In an post on the Rebuilding Media blog at Corante.com, Bob Cauthorn tells the tale of large newspapers announcing major layoffs as their circulation continues to decline at an accelerated rate. The author makes a very compelling argument that the newspapers have only themselves to blame. Readers are getting more of their news content online, and while many newspapers are offering online editions for subscribers, they aren't presenting a compelling multimedia experience to their readers, who will go elsewhere to get it. Newspapers are clinging to a model that has served them well in the past, but if they fail to adapt, they will quickly become extinct in the digital age.

In an ironic twist, MSNBC is running a story from the September 26, 2005 issue of Newsweek International Edition about how reading is declining as visual media takes off.
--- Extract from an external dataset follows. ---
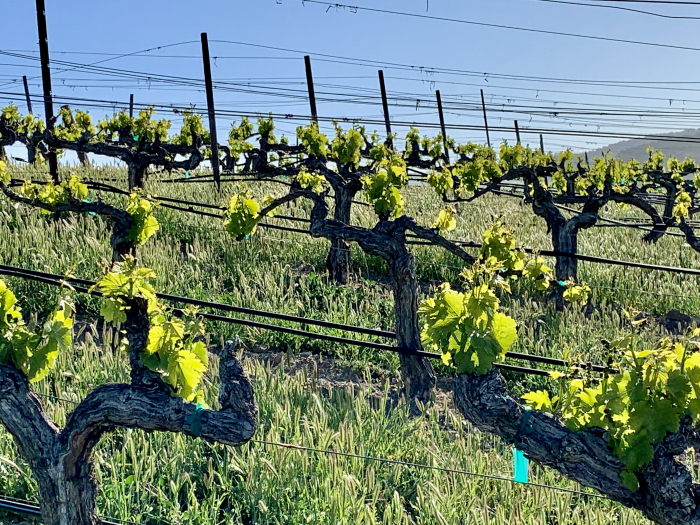 Green April 2021 - New Growth Grenache VF Green April 2021 - New Growth Grenache VF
Visual media are, if anything, a more natural mode for humans than the written word, at least according to neuroscientist Marcel Just of Carnegie Mellon University in Pittsburgh, Pennsylvania.

David Rothman from TeleRead weighs in:

Digitizing books isn’t enough; we need linking, multimedia, you name it, to keep books popular in a Net-oriented era. P-publishers and authors should spend less time whining and more time adjusting to the new realities.

I myself am an old-time text guy and will do all I can to encourage reading. But to ignore multimedia, in 2005, to the extent that most newspapers have, is sheer folly. Book publishers should heed the lesson.


Is reading text on paper, as these two articles would suggest, a dying form of media in the digital age? Is visual digital media a better, more natural way to tell a story and provide information?